Discorso che non vale in pieno per i silenzi, centro della canzone “Fai rumore” con cui Diodato vince la settantesima edizione del Festival di Sanremo. Anche essi caratterizzati dal fatto di non avere una connotazione di partenza che li identifichi come positivi o negativi, belli o brutti, leggeri o pesanti, i silenzi sono una forma di comunicazione meno comune, ma più efficace. Pensate quando per esprimere il vostro affetto nei confronti di qualcuno non avete bisogno di utilizzare continuamente frasi e gesti perché quel silenzio ha un significato che non ha bisogno di essere descritto. Oppure al contrario quando affidate al silenzio la vostra delusione consapevoli che quel contenuto sarà sentito con più efficacia dal vostro destinatario. Si tratta di andare oltre la semplicità, oltre l’immediatezza e oltre la concretezza.
La comunicazione che passa dal silenzio non conosce nessun tipo di filtro, nel bene e nel male.

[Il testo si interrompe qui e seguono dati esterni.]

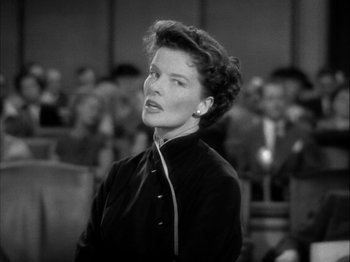 Movie still from “Adam's Rib” (1949), directed by George Cukor – An old black and white photo of a woman standing in front of an audience; Close Up shot, Low angle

Se io sto zitto e tu capisci che ti amo allora significa che non serve nessuna mediazione per capirci e non devo creare degli accessori comunicativi per esprimere il mio sentimento. Nella situazione opposta se dal silenzio riesci a percepire la profonda delusione che mi hai dato ne consegue che quei silenzi hanno fatto più rumore di qualsiasi frase urlata “Non lo posso sopportare questo silenzio innaturale tra me e te”.
Il silenzio crea senza dubbio distacco, perché se non ci si parla e non ci si guarda risulta naturale essere consapevoli di trovarsi in una situazione di assoluta distanza. Cercare di interpretare in aggiunta i silenzi dell’altro è un lavoro autodistruttivo, perché il più delle volte quei silenzi nascondono contenuti che non sono semplici da decifrare “Torno sempre a te, che fai rumore, qui, e non lo so mi fa bene, se il tuo rumore mi conviene”.
Il lato debole di una forma comunicativa non immediata è proprio quella di essere male interpretata o interpretata in tanti modi. Sta di fatto che quel rumore (dei silenzi) diventa quasi una sfida persa in partenza alla ricerca di un contenuto che non avremo mai. Simbolo di una distanza che non si colmerà mai più a meno che, come fa Diodato, ci si prometta di andare oltre quei silenzi attraverso una forma comunicativa che sia più forte di ogni frase non detta: La musica.
Porre domande sulle difficoltà di convivere col rumore di quel silenzio e farlo attraverso una canzone non può che essere un modo per andare oltre ogni ostacolo comunicativo. Perché io so ricevere il tuo silenzio, e soprattutto te lo so esprimere con una forza che azzera le distanze tipiche, appunto, dei silenzi “E non ne voglio fare a meno ormai di quel bellissimo rumore che fai”.